Exercise details>
Set down each record that follows exactly. Drop the images.

Provided information>
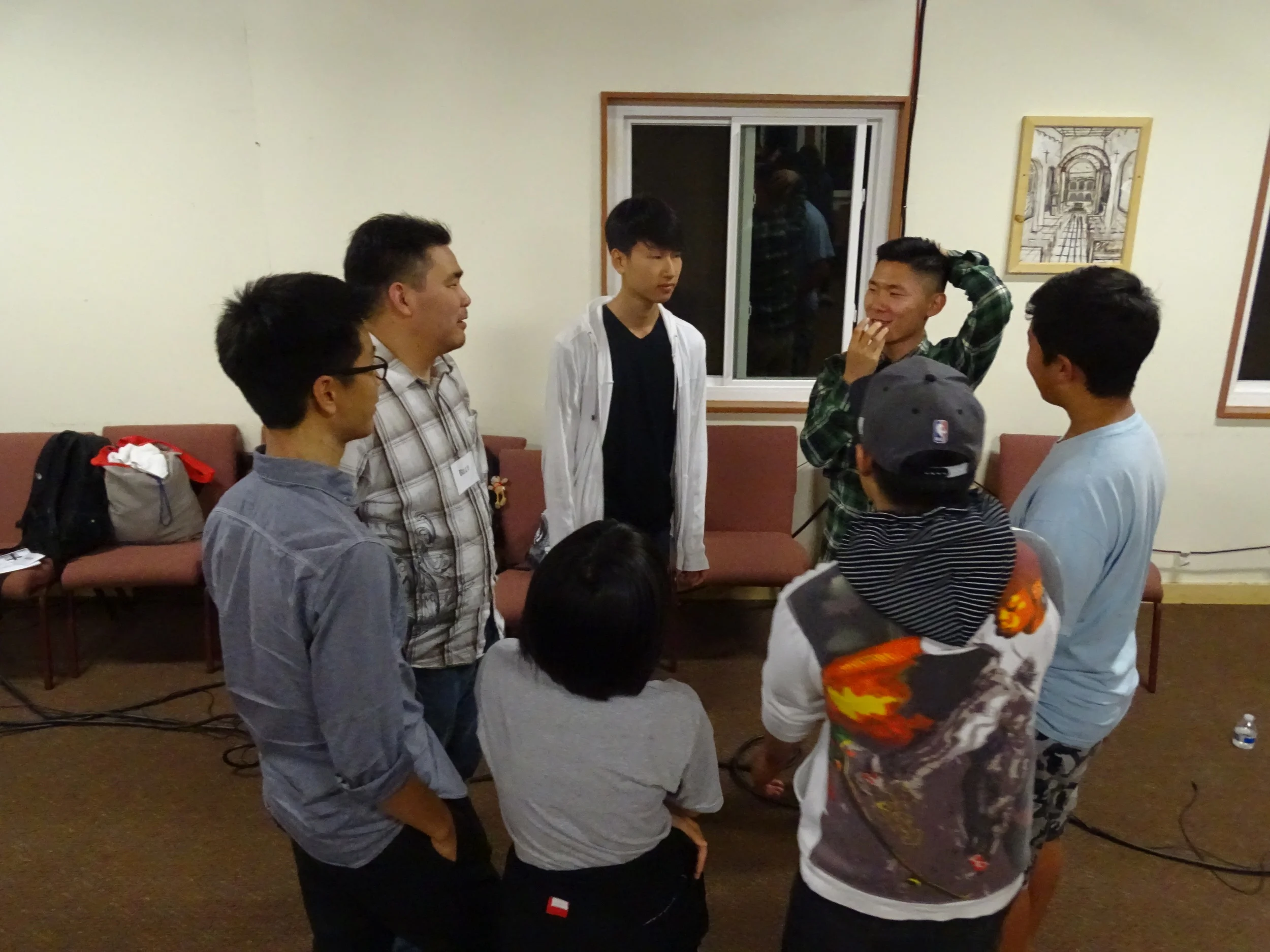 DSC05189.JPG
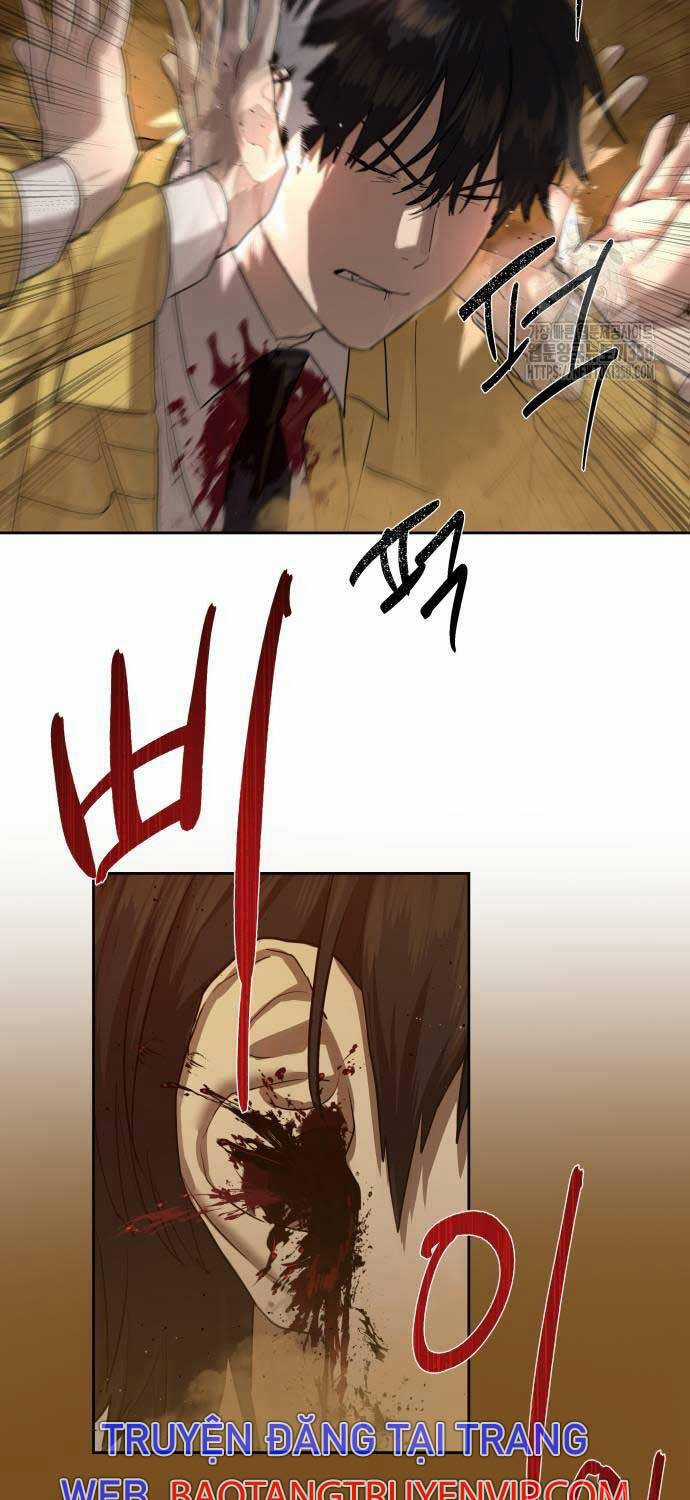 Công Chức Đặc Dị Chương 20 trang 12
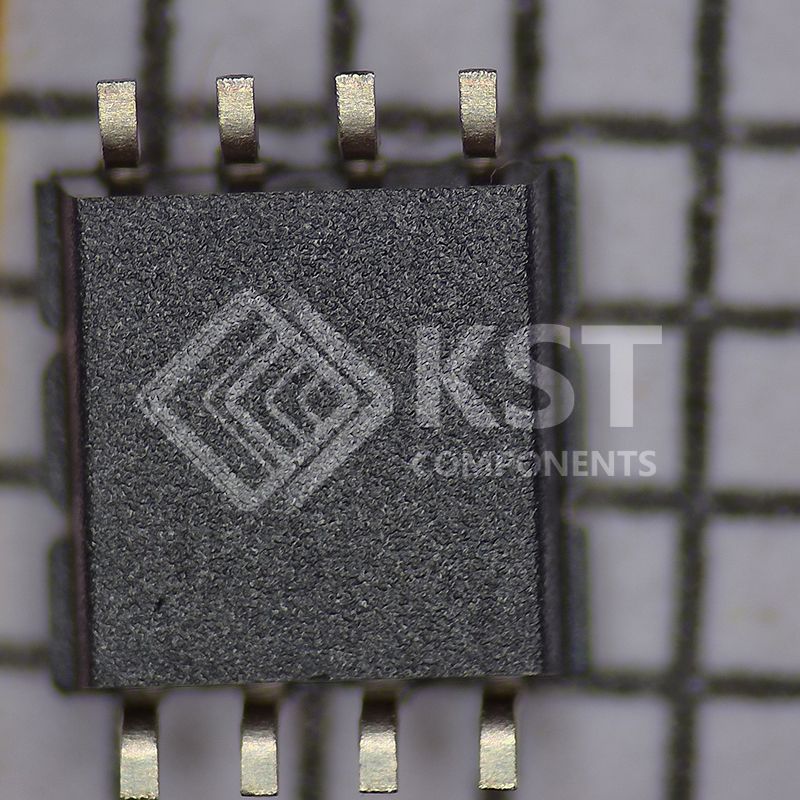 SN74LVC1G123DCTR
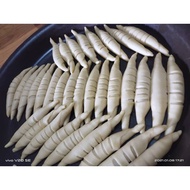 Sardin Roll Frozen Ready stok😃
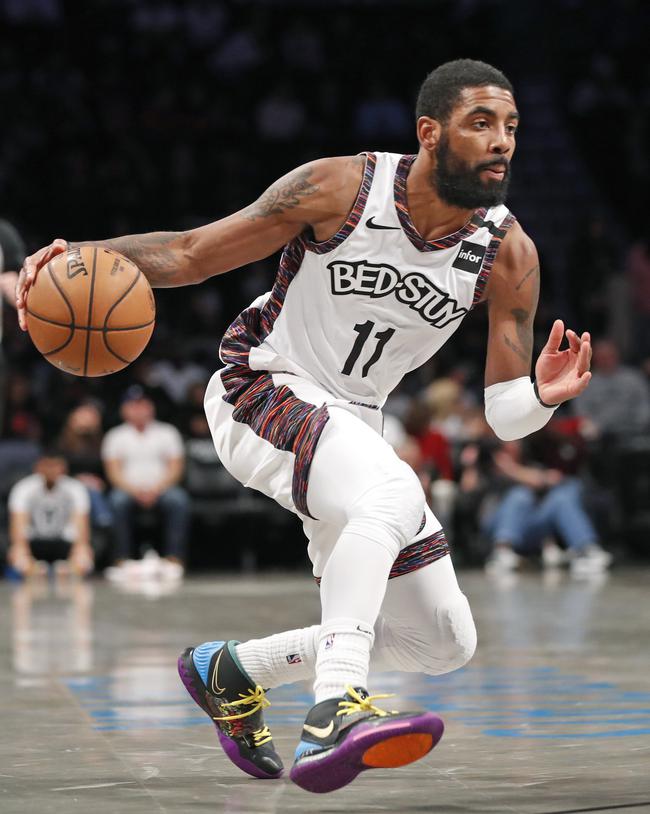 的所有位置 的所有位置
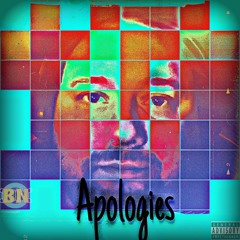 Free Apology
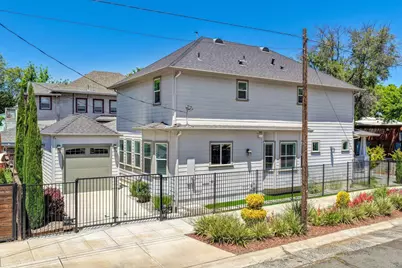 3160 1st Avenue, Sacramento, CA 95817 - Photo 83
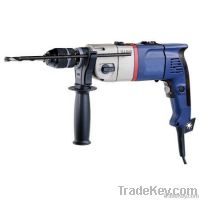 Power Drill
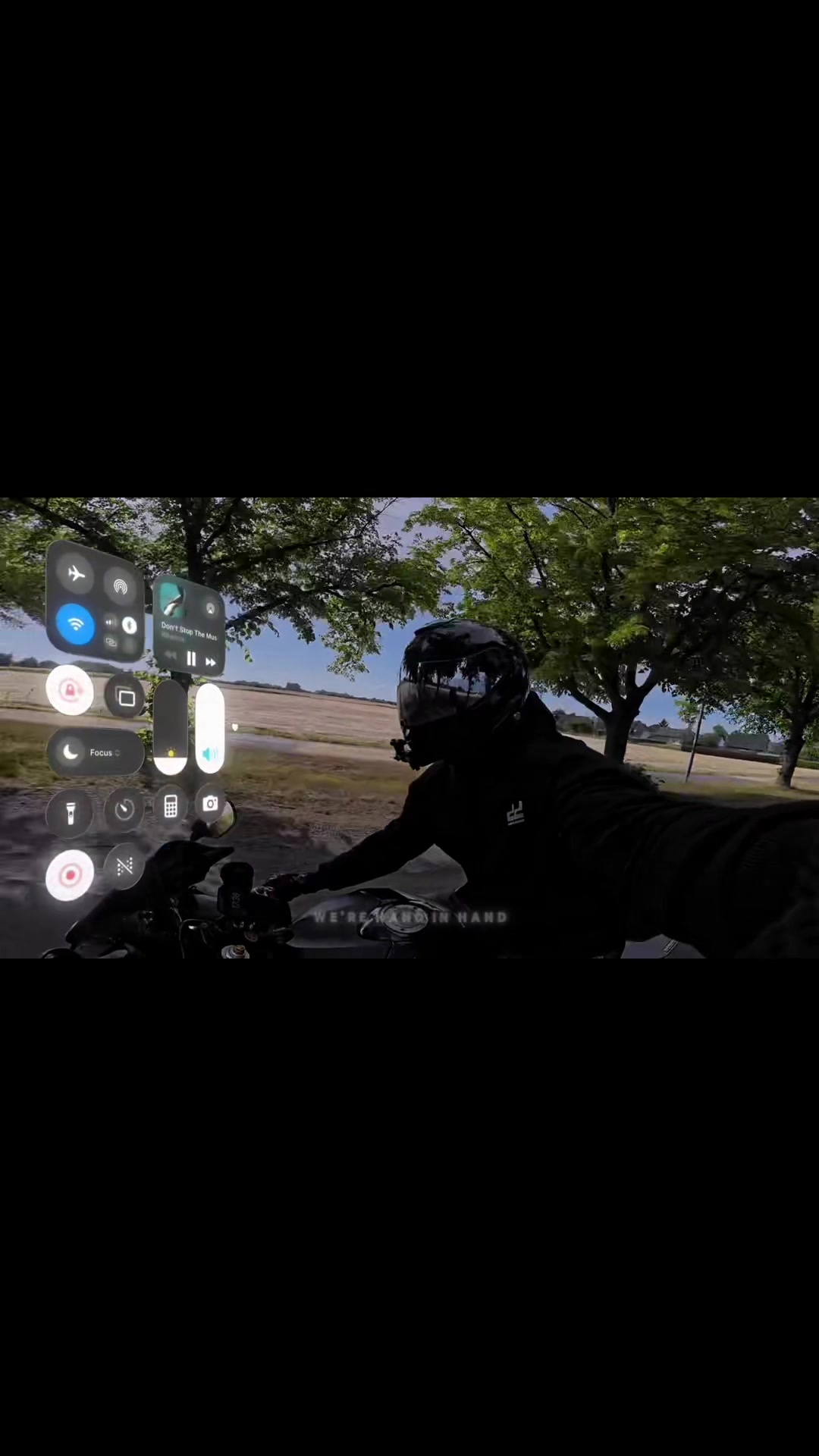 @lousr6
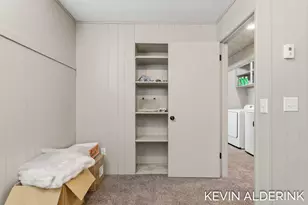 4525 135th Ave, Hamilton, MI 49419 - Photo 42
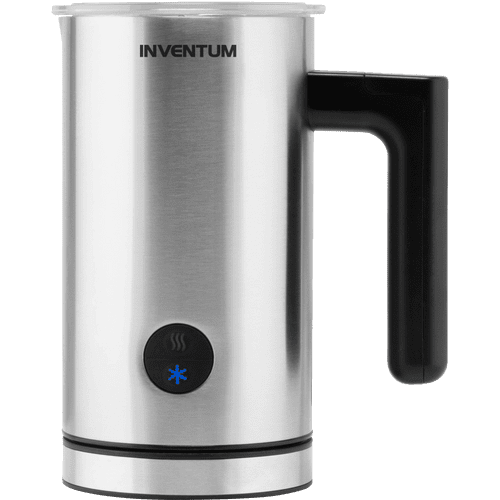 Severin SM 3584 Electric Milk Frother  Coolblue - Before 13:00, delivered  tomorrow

Finished exercise>
 DSC05189.JPG
 Công Chức Đặc Dị Chương 20 trang 12
 SN74LVC1G123DCTR
 Sardin Roll Frozen Ready stok😃
 的所有位置 的所有位置
 Free Apology
 3160 1st Avenue, Sacramento, CA 95817 - Photo 83
 Power Drill
 @lousr6
 4525 135th Ave, Hamilton, MI 49419 - Photo 42
 Severin SM 3584 Electric Milk Frother  Coolblue - Before 13:00, delivered  tomorrow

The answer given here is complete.